* **YOUR GOAL**
Please reproduce the listing verbatim, without its images.

(GIVEN MATERIAL)

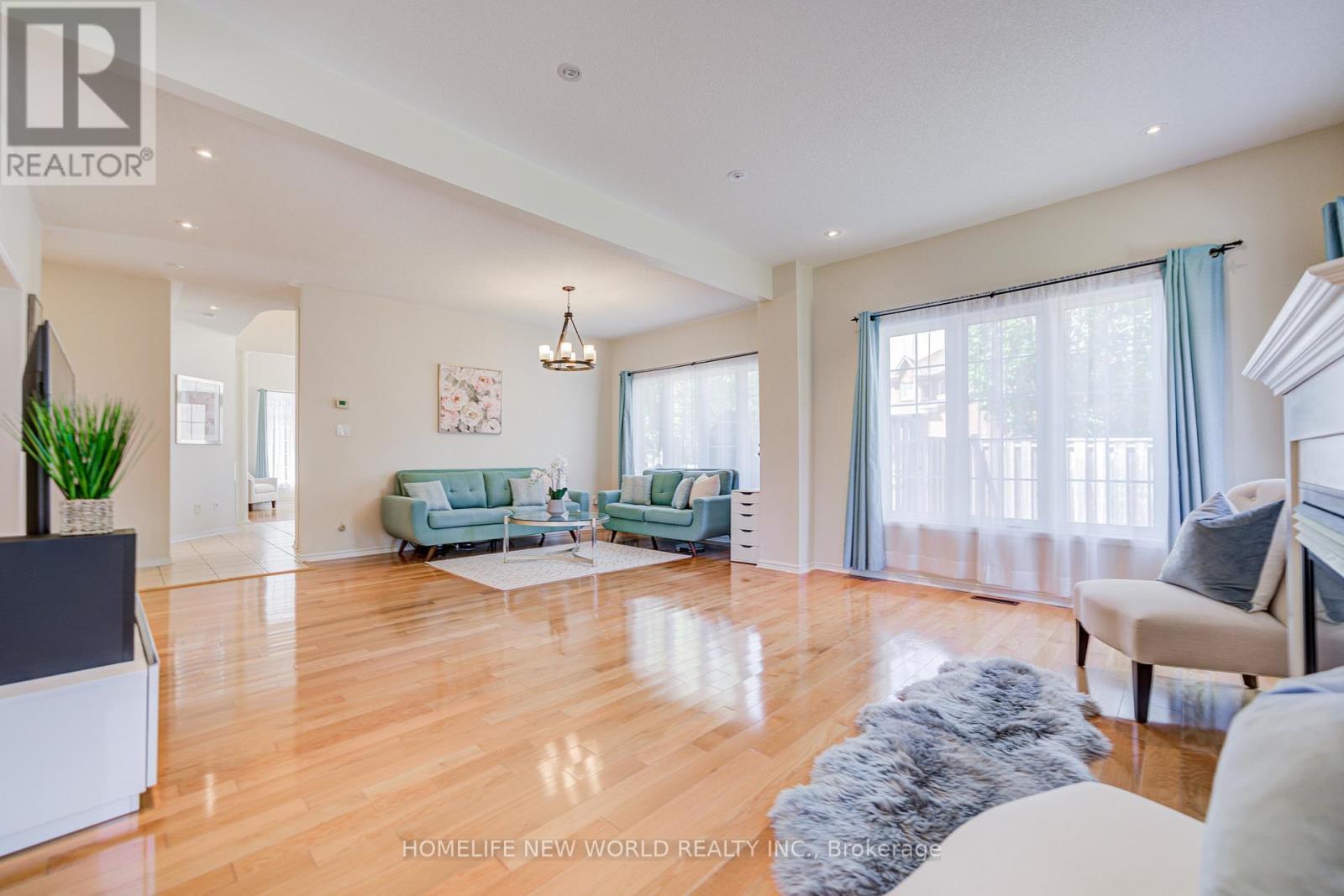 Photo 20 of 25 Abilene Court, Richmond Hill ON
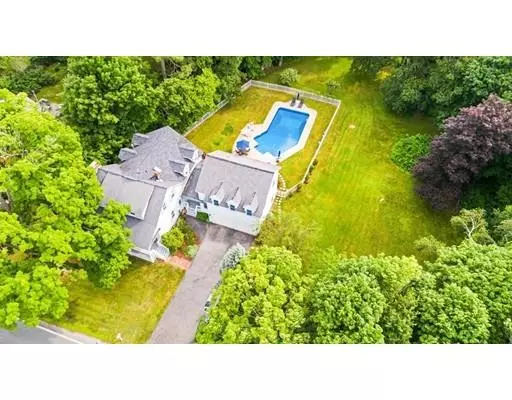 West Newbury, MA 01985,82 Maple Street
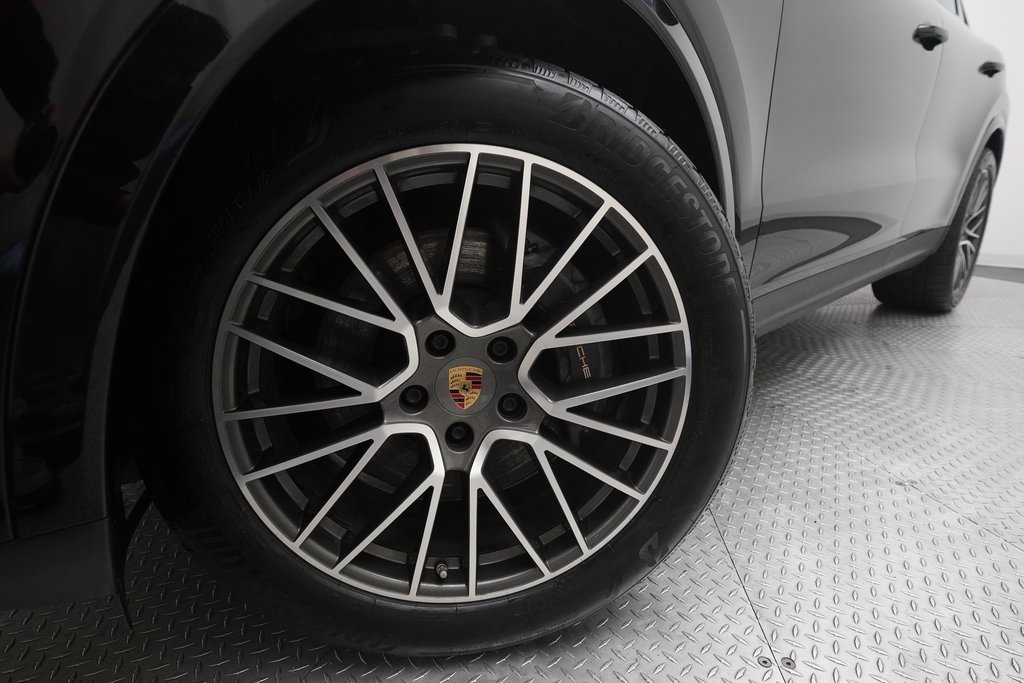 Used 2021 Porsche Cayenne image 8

(End GIVEN MATERIAL)

* **WRITTEN ANSWER**
 Photo 20 of 25 Abilene Court, Richmond Hill ON
 West Newbury, MA 01985,82 Maple Street
 Used 2021 Porsche Cayenne image 8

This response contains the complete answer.